With the development of the Dubai International Financial Centre (DIFC), which is the latest free-trade zone to be set up there, flexible and unrestricted offshore banking has become big business. Many of the world’s largest banks already have significant presence in Dubai – big names such as Abbey National Offshore, HSBC Offshore, ABN Amro, ANZ Grindlays, Banque Paribas, Banque de Caire, Barclays, Dresdner, and Merrill Lynch, all have offices in the Emirate already.


In addition to Dubai, most of the offshore banks are located in former British colonies, and all of them are involved in money laundering. In other words, the legitimization of cash generated from drug sales and other smuggled illegitimate goods into the “respectable banks” is the modus operandi of these offshore banks. The drugs that Dawood’s mules carry are providing a necessary service for the global financial system, as well as for the terrorists who are killing innocents all over the world.

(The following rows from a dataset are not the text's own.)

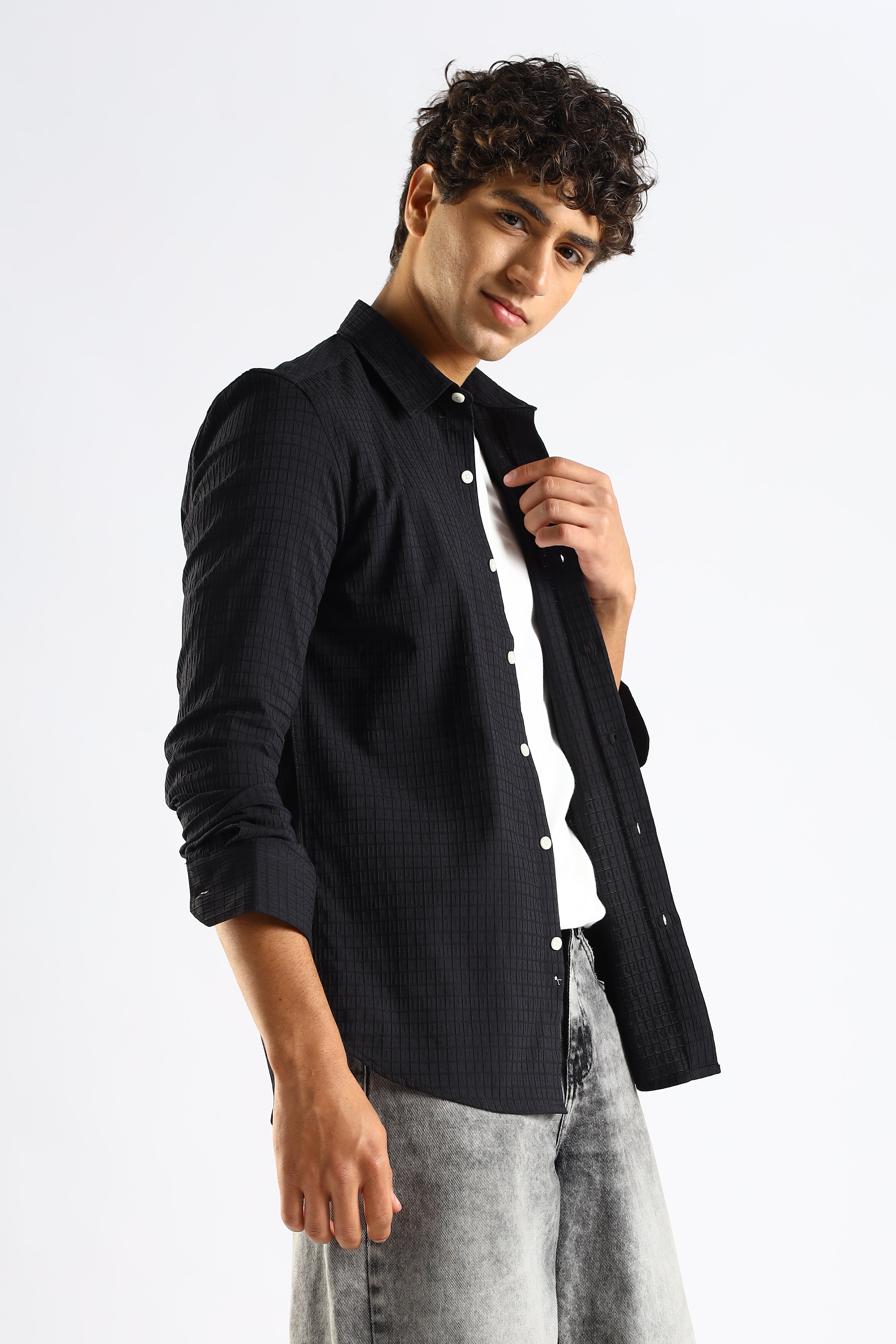 Men Black Poly Blend Slim Fit Shirt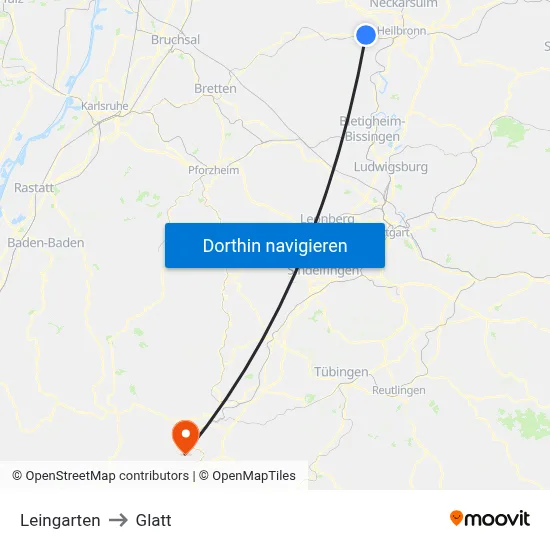 Leingarten to Glatt map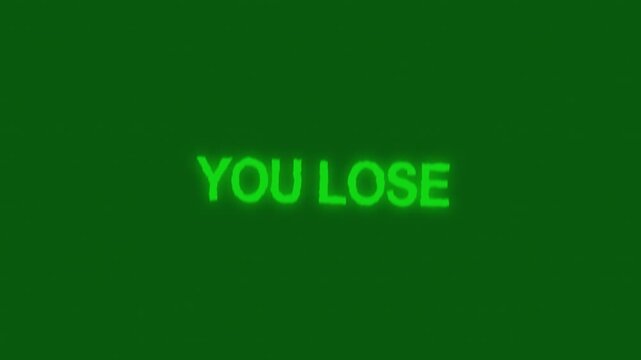 you lose text with glitch for animated video game screen. text you lose looped glitch animation gaming effects 4k animation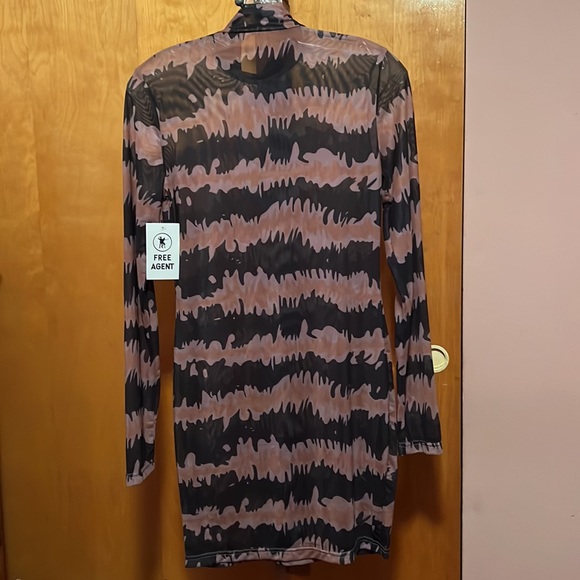 LAST MARKDOWN:DRESS, EKG SHEER DRESS, BNWT, mock turtleneck, M - Picture 2 of 3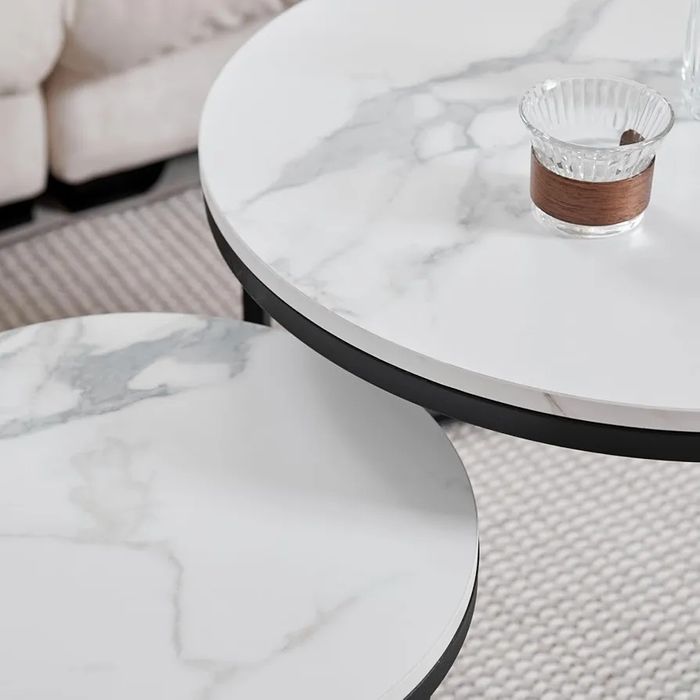 NOU Set 2 mese mdf, alb, marmoroptik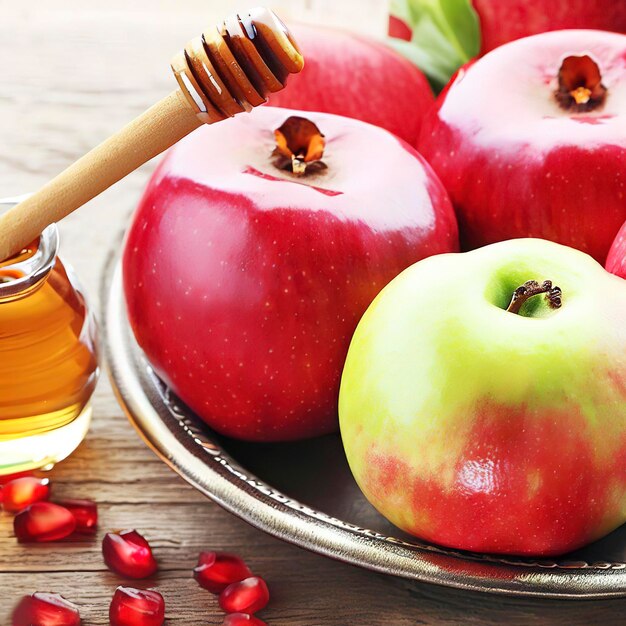 Joodse vakantie Rosh hashanah honing en appels met granaatappel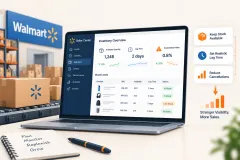 A Walmart listing beside its stock record, with available quantity, lag time and cancellation rate marked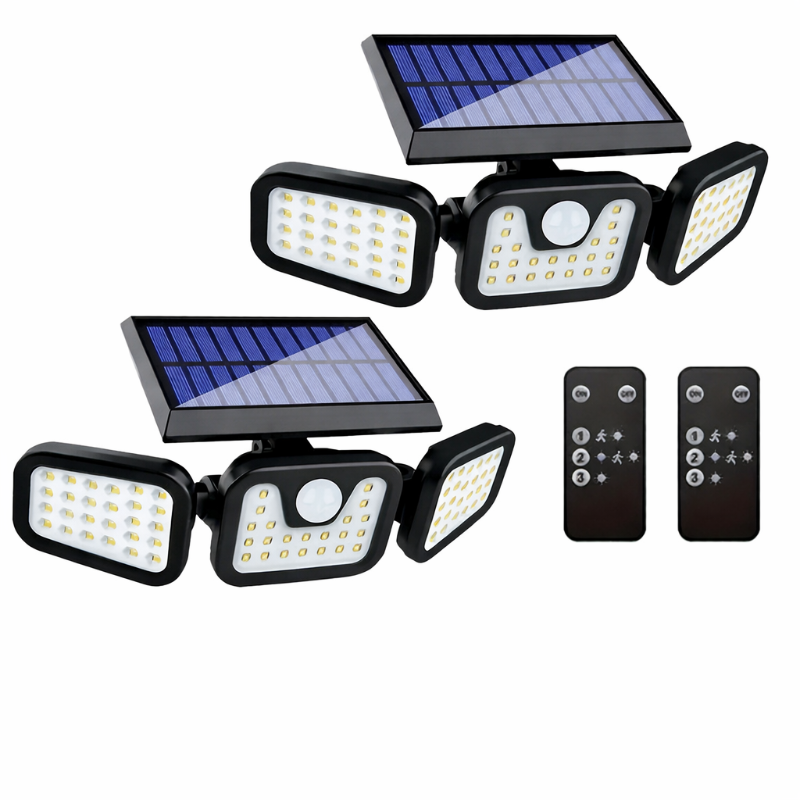 Two-pack of solar security floodlights with motion detection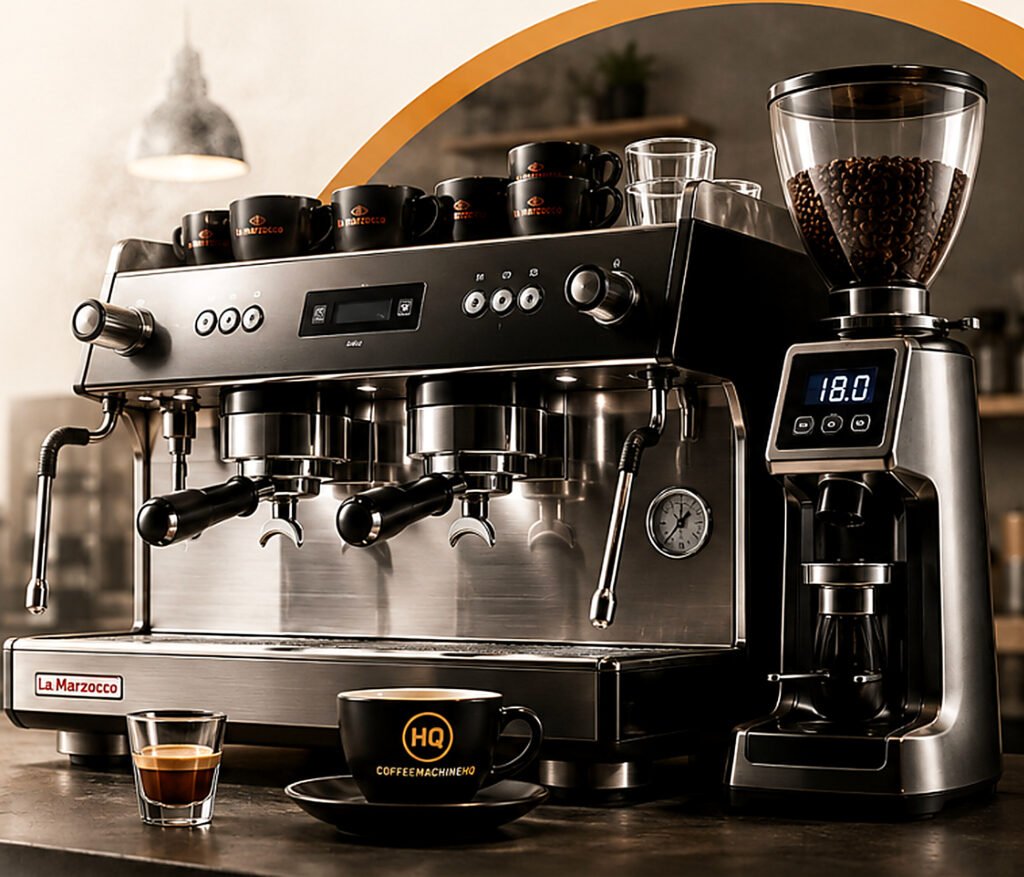 Commercial two-group espresso machine with grinder and Coffee Machine HQ cup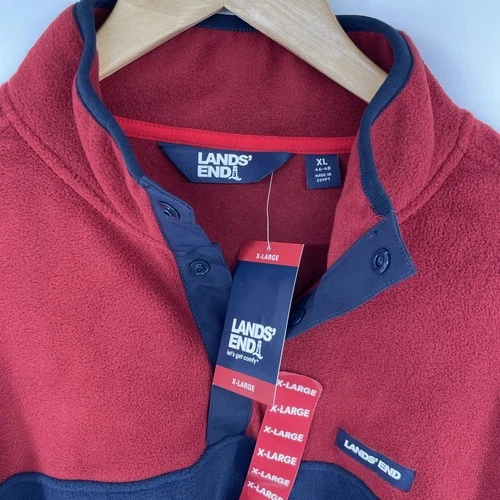 Lands End Mens 1/4 Snap XL Red Blue Color Block Fleece Pullover Jacket NWT image 2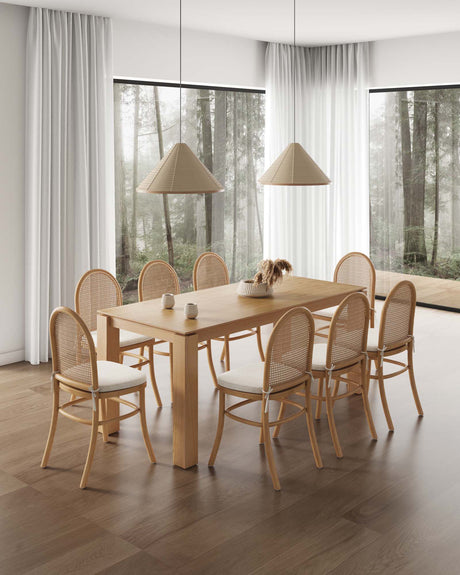9-Piece Rockaway 70.86 Dining Set in Nature with 8 Paragon 1.0 Dining Chairs - Ornate Home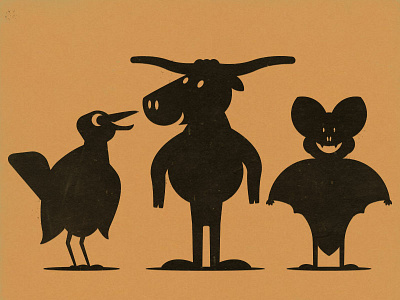 3 Amigos 50s 60s 70s austin bat bird character cow grackle illustration longhorn retro texas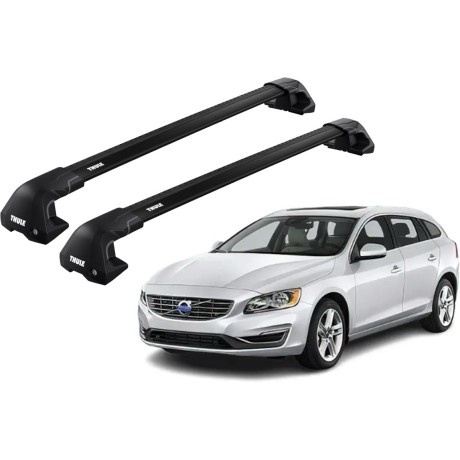 Barras THULE EDGE Flush para autos VOLVO V60 2010 a 2018 negro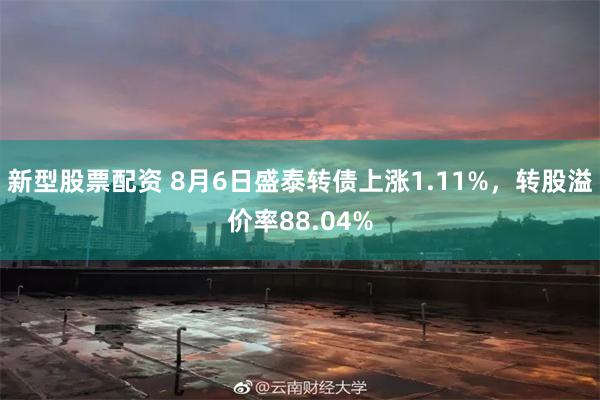 新型股票配资 8月6日盛泰转债上涨1.11%，转股溢价率88.04%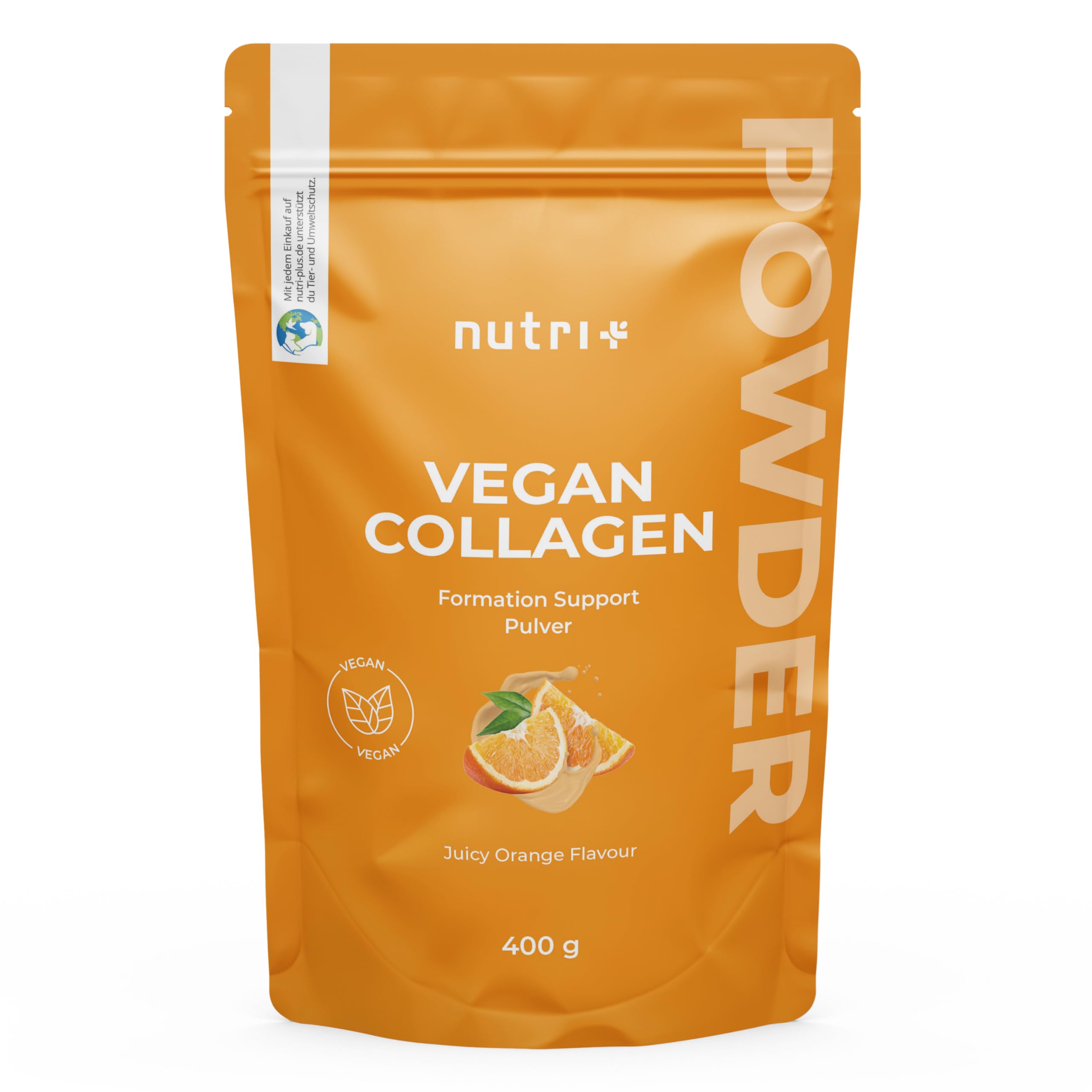 Nutri + Vegan Collagen Formation Support - Polvere Sostegno Formazione Peptidi di Collagene - con Acido ialuronico + Vitamina C per Pelle, Capelli, Unghie - 400 g Arancia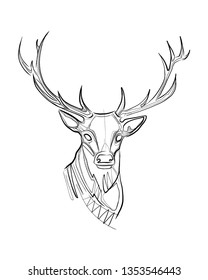 Hand drawn vector ink illustration or drawing of a deer head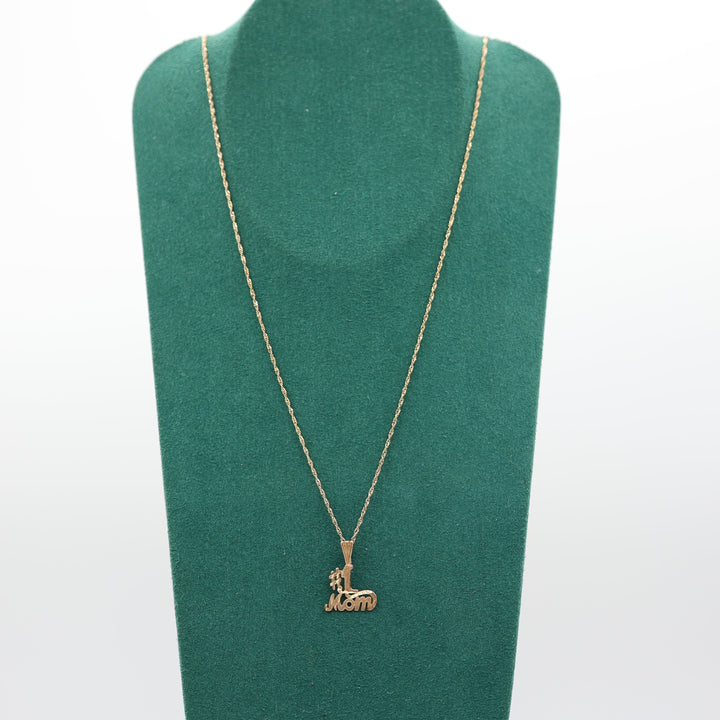 14K Yellow Gold Number One Mom Necklace Pendant Jewelry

In December of 2007, this Britain-run drug-money-laundering and terrorist-networking operation was about to be exposed when Afghan President Hamid Karzai learned that two British MI6 agents were working under the cover of the United Nations and the European Union behind his back, to finance and negotiate with the Taliban. He expelled them from Afghanistan. One of them, a Briton, Michael Semple, was the acting head of the EU mission in Afghanistan and is widely known as a close confidant of Britain’s Ambassador, Sir Sherard Cowper-Coles. Semple now masquerades as an academic analyst of Afghanistan, and was associated with the Harvard Kennedy School’s Carr Center. The second man, an Irishman, Mervin Patterson, was the third-ranking UN official in Afghanistan at the time that he was summarily expelled.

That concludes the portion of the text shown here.